* **DIRECTIONS**
Needed from the data below: every line from the one with "愛知県常滑市大谷爺狭間周辺の地図" up to and including the one with "Obraz premium Luxurious", repeated exactly and with nothing else.

★ ★ ★

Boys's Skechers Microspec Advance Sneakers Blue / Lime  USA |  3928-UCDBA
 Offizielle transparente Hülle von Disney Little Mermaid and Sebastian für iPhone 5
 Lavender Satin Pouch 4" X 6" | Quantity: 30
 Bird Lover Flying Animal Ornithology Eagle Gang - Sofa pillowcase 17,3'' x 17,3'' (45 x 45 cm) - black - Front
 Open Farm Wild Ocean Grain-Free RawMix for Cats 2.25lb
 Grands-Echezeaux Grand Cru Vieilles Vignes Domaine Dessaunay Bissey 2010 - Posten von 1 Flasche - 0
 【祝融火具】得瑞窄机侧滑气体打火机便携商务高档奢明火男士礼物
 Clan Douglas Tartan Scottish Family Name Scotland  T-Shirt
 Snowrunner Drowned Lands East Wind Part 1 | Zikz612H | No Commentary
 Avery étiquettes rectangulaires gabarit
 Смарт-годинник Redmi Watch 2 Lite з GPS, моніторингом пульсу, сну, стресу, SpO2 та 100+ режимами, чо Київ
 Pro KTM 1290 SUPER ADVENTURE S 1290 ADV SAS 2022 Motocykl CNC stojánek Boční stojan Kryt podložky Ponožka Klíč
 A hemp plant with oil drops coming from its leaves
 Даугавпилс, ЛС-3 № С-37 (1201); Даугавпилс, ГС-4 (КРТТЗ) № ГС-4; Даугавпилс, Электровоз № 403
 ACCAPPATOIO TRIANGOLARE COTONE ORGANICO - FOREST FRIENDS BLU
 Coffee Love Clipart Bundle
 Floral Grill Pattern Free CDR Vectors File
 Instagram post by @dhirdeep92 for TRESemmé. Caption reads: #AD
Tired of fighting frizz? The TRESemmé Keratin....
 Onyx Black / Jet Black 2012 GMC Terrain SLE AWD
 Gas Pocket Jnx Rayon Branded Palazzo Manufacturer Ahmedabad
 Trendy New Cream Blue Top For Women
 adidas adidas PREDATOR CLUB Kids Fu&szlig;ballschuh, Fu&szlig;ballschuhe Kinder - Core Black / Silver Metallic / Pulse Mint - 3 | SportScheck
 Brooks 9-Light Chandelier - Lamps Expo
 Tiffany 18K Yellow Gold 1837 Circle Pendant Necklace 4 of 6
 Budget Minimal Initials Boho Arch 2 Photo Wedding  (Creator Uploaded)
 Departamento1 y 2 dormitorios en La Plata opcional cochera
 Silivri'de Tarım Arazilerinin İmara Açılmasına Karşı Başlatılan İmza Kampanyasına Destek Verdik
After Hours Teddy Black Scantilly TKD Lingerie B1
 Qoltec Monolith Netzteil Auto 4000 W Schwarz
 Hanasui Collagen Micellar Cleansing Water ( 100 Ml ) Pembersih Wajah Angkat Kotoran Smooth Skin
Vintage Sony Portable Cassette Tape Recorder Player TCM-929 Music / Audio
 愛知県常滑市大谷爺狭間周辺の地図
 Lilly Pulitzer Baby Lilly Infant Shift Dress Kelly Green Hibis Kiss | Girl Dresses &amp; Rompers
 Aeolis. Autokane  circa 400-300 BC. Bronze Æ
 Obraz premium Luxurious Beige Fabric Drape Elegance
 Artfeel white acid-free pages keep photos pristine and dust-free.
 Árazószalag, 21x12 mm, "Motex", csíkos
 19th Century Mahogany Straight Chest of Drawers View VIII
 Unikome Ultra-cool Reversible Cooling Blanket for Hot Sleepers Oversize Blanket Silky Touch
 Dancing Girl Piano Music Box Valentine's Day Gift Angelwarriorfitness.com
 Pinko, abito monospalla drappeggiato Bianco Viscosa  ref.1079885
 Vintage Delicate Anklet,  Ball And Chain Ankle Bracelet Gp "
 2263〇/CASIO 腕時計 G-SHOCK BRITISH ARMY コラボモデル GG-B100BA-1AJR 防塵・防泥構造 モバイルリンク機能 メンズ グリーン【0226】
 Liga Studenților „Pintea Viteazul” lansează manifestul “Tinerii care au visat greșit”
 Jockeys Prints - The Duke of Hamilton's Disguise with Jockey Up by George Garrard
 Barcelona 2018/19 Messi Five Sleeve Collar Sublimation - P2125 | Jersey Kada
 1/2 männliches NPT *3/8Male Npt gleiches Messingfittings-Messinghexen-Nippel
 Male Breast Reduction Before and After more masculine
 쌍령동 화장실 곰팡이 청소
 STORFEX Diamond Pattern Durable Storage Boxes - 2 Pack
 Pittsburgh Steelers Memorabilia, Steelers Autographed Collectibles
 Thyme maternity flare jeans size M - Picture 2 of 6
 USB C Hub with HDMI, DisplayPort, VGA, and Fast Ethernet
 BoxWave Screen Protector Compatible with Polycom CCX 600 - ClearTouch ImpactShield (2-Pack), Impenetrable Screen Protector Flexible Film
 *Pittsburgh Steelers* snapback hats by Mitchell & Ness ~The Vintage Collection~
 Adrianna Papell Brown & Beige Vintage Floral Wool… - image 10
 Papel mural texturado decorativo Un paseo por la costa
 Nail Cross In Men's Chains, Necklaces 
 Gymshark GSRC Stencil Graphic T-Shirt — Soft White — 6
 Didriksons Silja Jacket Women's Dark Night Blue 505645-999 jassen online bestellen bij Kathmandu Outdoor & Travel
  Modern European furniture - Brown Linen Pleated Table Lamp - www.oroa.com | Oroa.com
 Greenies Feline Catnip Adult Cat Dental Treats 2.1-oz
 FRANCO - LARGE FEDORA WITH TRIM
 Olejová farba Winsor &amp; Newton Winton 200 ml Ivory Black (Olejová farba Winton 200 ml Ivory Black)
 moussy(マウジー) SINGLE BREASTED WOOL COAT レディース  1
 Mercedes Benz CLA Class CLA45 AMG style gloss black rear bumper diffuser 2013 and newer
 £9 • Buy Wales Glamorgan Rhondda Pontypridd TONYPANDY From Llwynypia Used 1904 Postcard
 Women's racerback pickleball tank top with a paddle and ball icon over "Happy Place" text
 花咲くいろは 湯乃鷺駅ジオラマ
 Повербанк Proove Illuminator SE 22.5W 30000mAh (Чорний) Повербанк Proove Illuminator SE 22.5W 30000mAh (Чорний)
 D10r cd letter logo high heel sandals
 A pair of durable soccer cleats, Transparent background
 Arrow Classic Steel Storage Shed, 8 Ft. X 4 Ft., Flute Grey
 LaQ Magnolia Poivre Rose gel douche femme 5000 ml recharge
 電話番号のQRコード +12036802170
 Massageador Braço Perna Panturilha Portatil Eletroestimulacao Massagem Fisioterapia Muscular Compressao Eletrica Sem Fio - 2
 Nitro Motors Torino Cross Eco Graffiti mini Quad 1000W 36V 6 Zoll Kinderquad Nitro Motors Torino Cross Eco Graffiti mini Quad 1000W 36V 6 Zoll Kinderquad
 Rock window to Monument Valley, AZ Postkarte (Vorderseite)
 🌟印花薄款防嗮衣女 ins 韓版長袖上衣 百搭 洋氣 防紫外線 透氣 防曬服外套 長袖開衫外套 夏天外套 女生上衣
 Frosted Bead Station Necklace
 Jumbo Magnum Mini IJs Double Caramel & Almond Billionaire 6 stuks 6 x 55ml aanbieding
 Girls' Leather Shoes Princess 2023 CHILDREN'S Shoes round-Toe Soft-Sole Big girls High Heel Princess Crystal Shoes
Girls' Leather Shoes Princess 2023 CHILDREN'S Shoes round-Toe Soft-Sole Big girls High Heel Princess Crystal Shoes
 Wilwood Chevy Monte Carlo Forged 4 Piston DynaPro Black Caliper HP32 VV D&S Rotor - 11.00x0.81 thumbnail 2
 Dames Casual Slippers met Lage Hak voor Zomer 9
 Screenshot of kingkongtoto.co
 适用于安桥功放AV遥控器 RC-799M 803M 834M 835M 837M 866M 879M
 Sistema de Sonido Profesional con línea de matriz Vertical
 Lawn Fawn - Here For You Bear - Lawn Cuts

★ ★ ★

* **SOLUTION**
 愛知県常滑市大谷爺狭間周辺の地図
 Lilly Pulitzer Baby Lilly Infant Shift Dress Kelly Green Hibis Kiss | Girl Dresses &amp; Rompers
 Aeolis. Autokane  circa 400-300 BC. Bronze Æ
 Obraz premium Luxurious Beige Fabric Drape Elegance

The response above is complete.